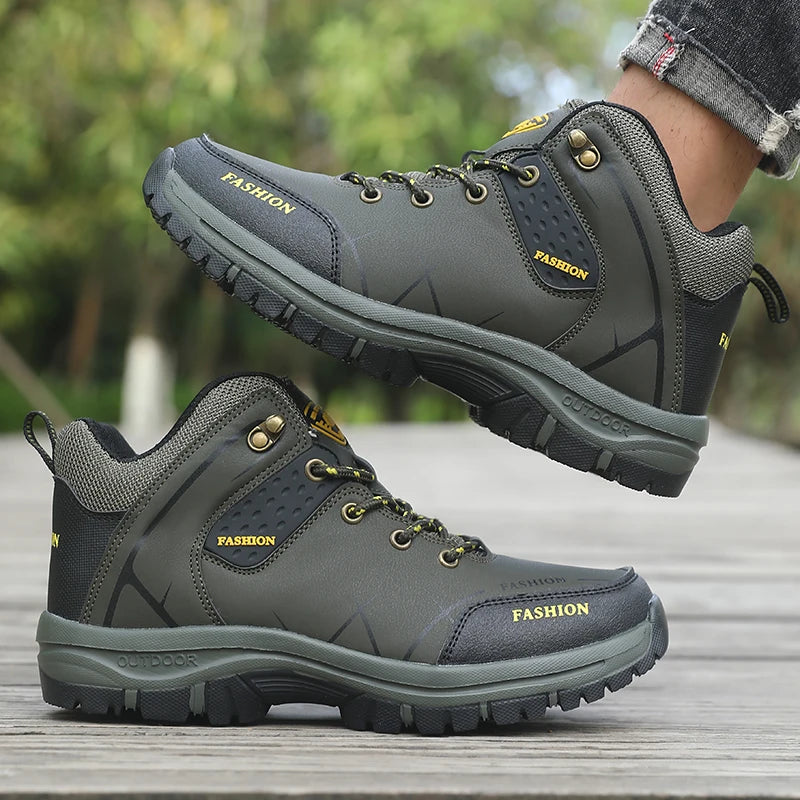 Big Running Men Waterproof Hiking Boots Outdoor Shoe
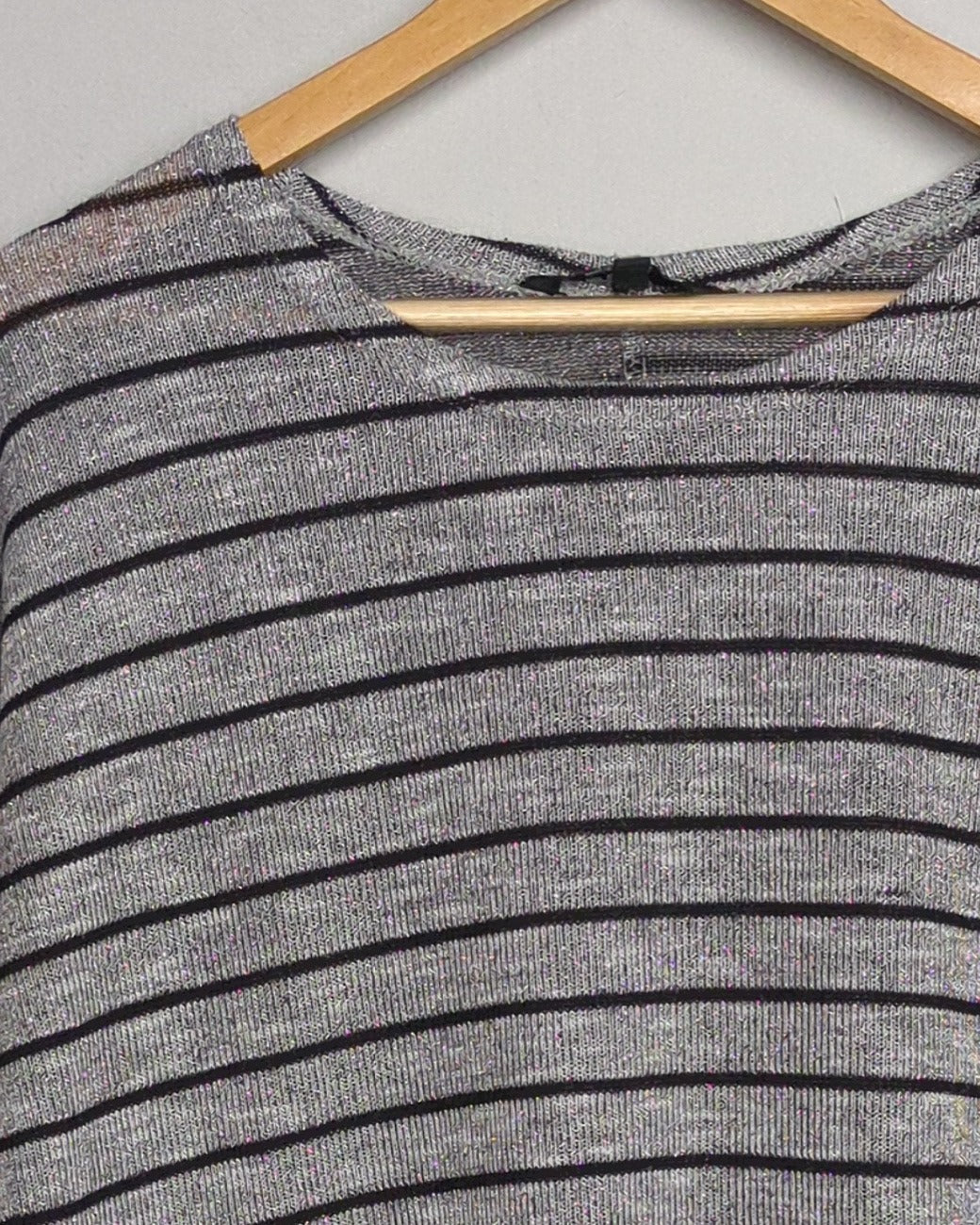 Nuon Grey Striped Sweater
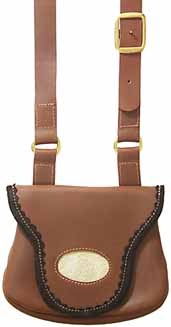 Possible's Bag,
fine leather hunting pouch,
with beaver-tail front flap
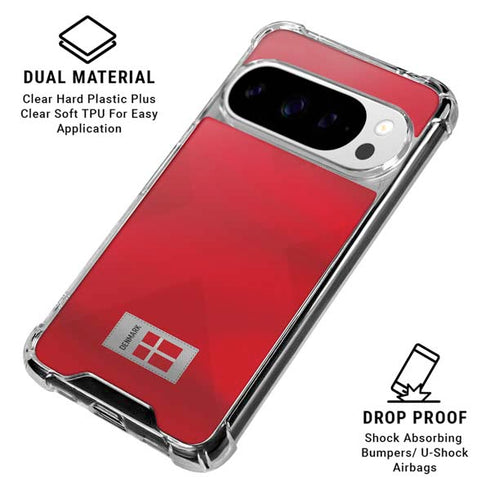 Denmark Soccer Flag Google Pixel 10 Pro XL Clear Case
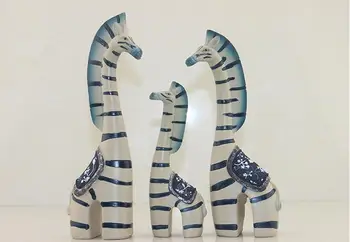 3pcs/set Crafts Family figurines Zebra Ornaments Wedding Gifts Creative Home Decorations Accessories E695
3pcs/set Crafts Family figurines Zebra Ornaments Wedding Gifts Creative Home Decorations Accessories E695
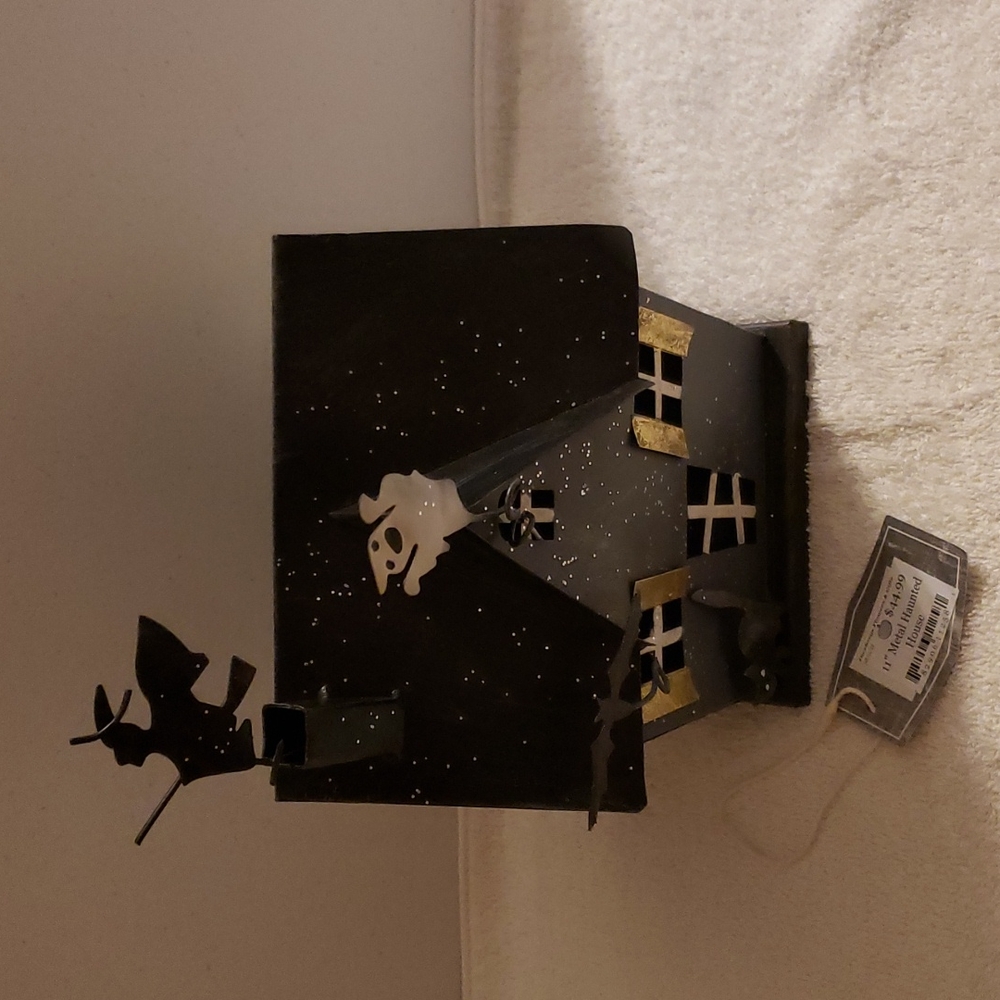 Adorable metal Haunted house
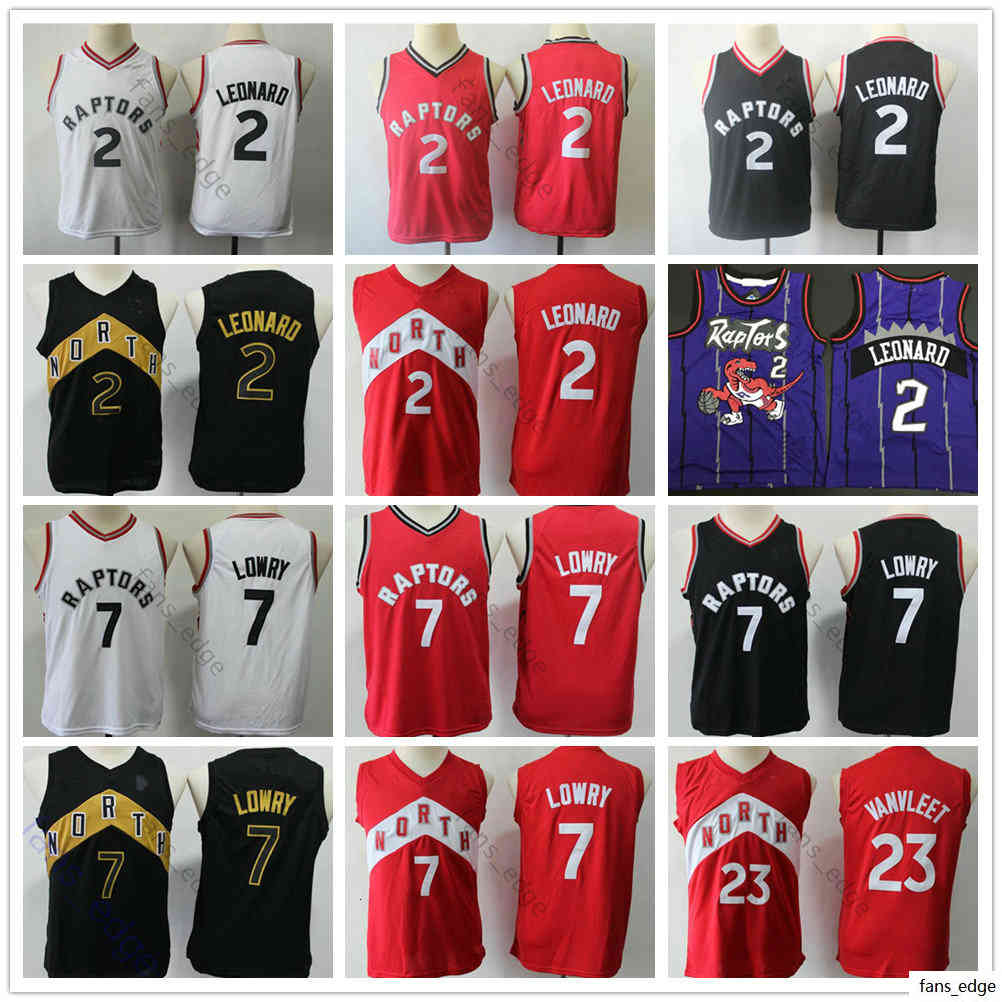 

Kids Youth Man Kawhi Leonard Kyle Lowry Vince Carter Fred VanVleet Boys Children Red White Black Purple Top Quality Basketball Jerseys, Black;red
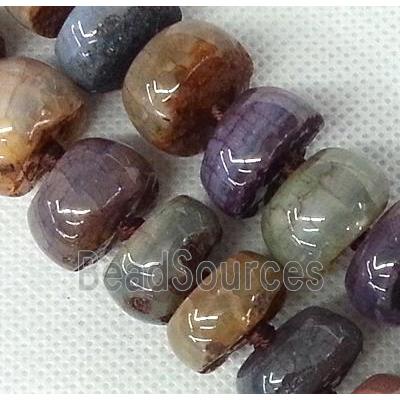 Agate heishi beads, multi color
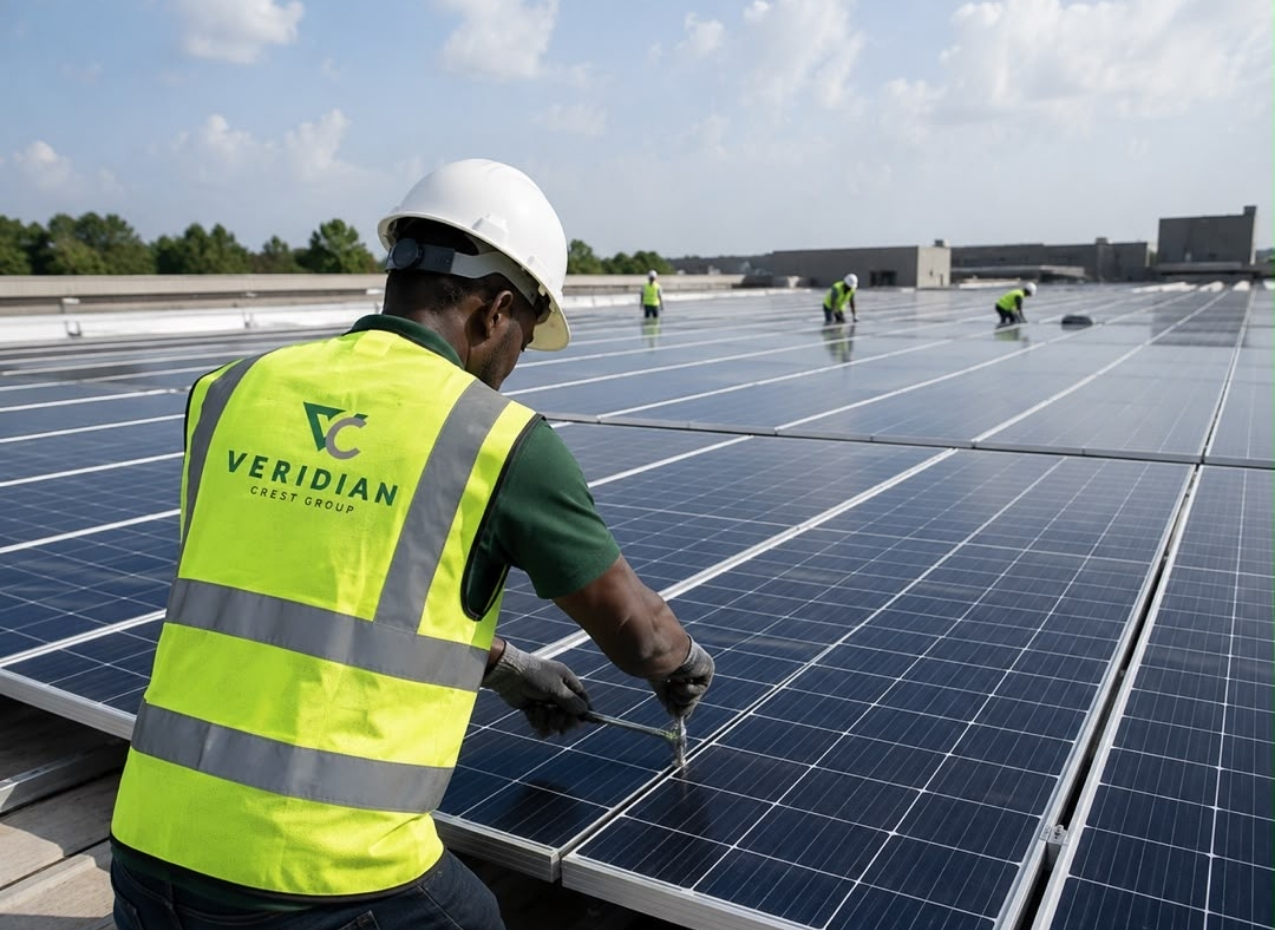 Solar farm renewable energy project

# # # # #

◆ **What you will do**
Copy out exactly, without any pictures, the lines above that begin at the one with "Agate heishi beads, multi color" and end at the last line of the listing.

◆ **Result for this task**
 Agate heishi beads, multi color
 Solar farm renewable energy project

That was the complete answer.